> How to complete this task
Using the listing below, output only the lines from the one that contains "Hotel Stay Inn Coimbatore Luaran gambar" through the one that contains "European Championships Guadalajara 2019", inclusive, exactly as given and without images.

> Supplied data

※

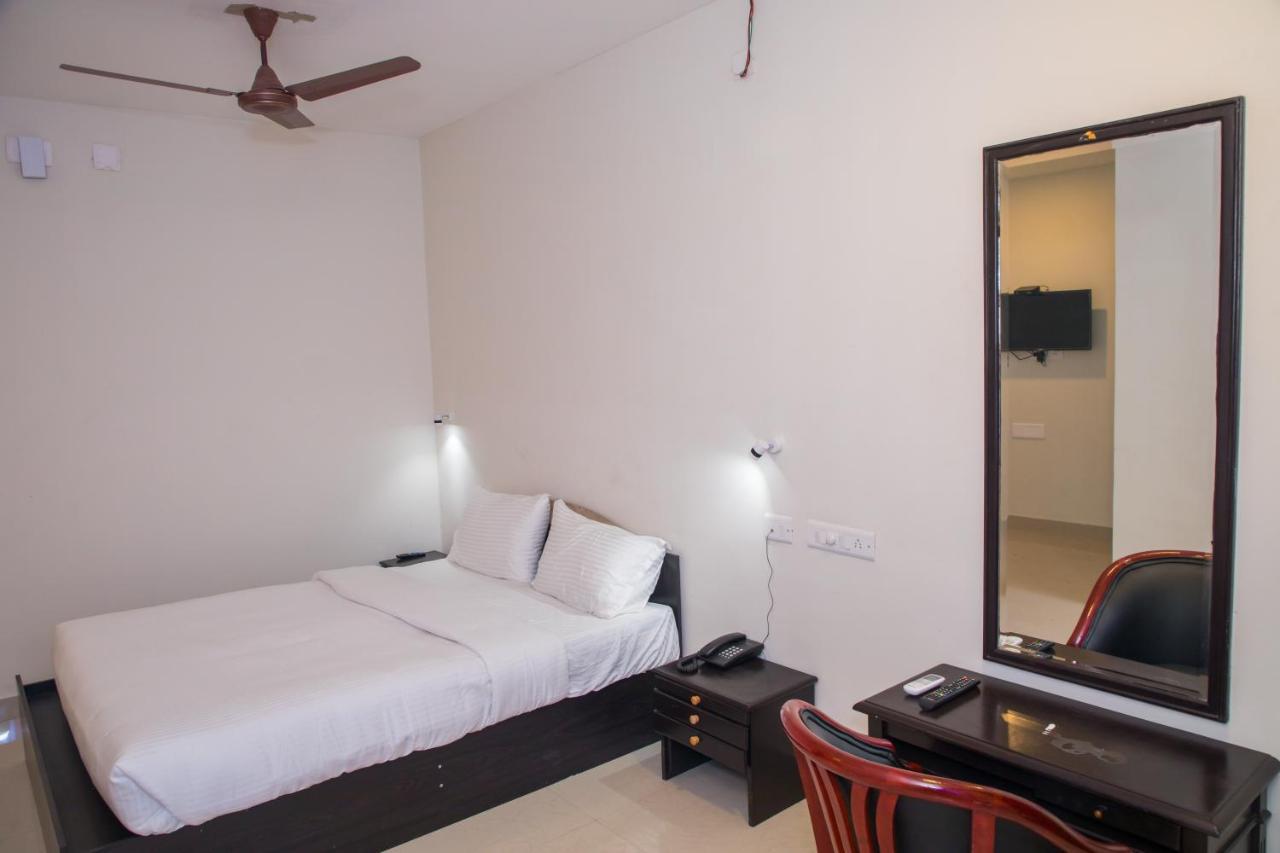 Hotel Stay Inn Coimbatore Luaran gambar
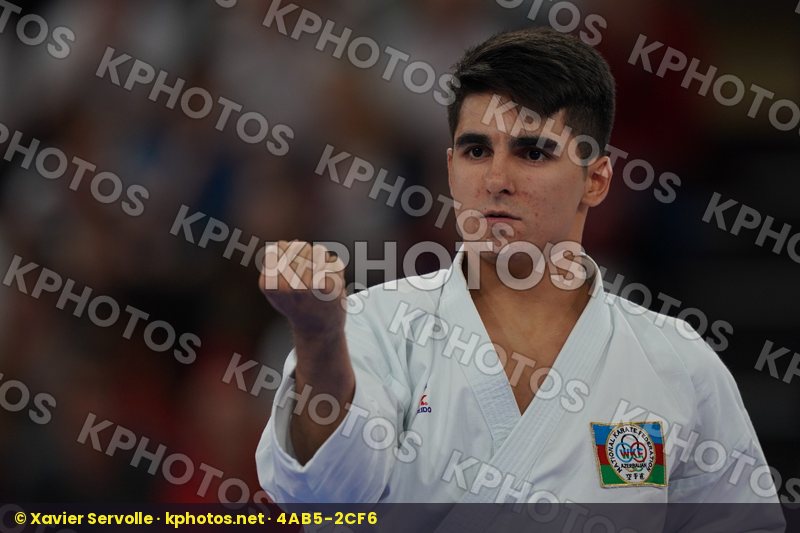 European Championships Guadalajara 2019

※

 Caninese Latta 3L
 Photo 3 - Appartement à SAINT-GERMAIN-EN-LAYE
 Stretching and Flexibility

※

> Reply to the task
 Hotel Stay Inn Coimbatore Luaran gambar
 European Championships Guadalajara 2019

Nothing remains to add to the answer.